Der UniversitätsChor feiert sein 75-jähriges Bestehen mit einem Konzert zu einem brandaktuellen Thema: Freiheit. Auf dem Programm stehen mehrere Uraufführungen und Stücke, die eigens für den Chor geschrieben wurden.

Ein Sonntagnachmittag im Juli. In der vollgepackten Kleinen Aula des Hauptgebäudes drängen sich 130 Sängerinnen und Sänger des UniChors. Drei Proben noch, dann ist Premiere. Ein ganz besonderer Abend diesmal. Denn gefeiert wird mit dem Konzert auch das 75-jährige Bestehen des Chors.

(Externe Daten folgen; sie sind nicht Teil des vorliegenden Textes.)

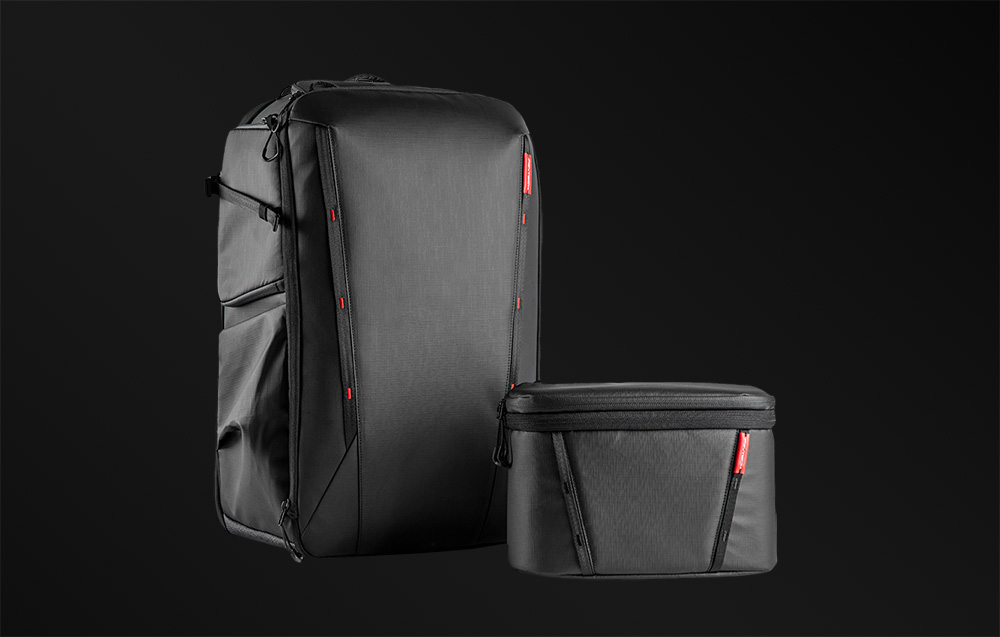 Plecak PGYTECH OneMo 2 35L (czarny)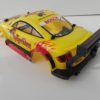 Carrosserie Audi TT DTM pour Nikko 1/14 Evo Pro-Line + supports – Image 4
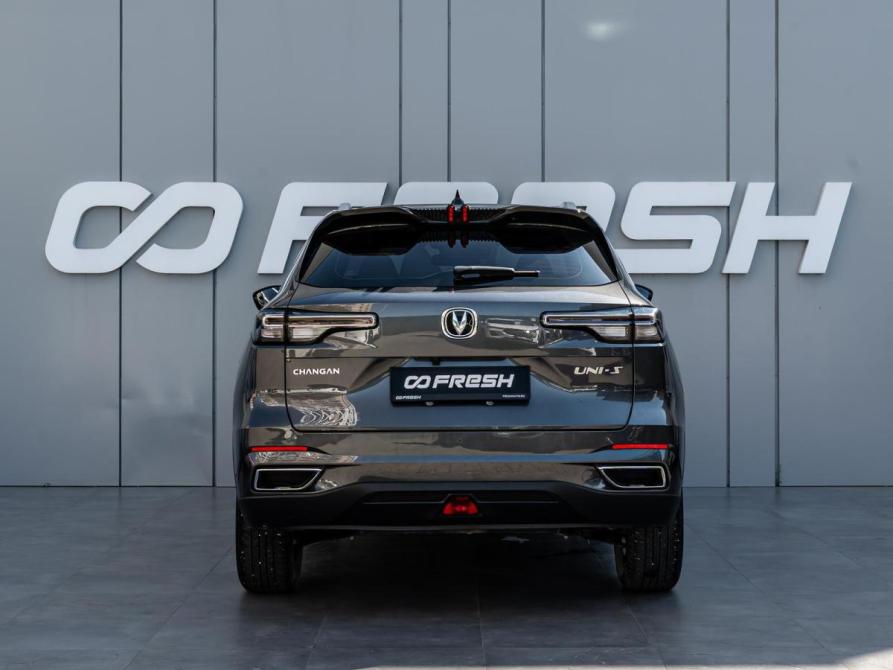 Changan CS55 Plus II Краснодар  - изображение 4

Sängerinnen und Sänger des Unichors sitzen bei einer Probe mit Dirigentin in einem hellen Raum

Der UniChor bei der Probe mit Dirigentin Selma Pleßke

© LMU/Johanna Weber

„Das Jubiläum macht bewusst, dass man in einer langen Tradition steht“, sagt Anna Verena Egger, die den Chor seit mehr als zehn Jahren leitet, „und ein kleiner Mosaikstein ist von etwas Größerem.“

„Libertas – Freiheit“ lautet das Motto des Abends. Entstanden ist die Idee im Vorstand des Fördervereins. Der Vorsitzende Andreas Schmidt regte an, sich mit dem hochaktuellen Thema auseinanderzusetzen. Schließlich probt der Chor regelmäßig genau da, wo einst die Weiße Rose ihre Flugblätter gegen das NS-Regime verteilte: im Lichthof der LMU.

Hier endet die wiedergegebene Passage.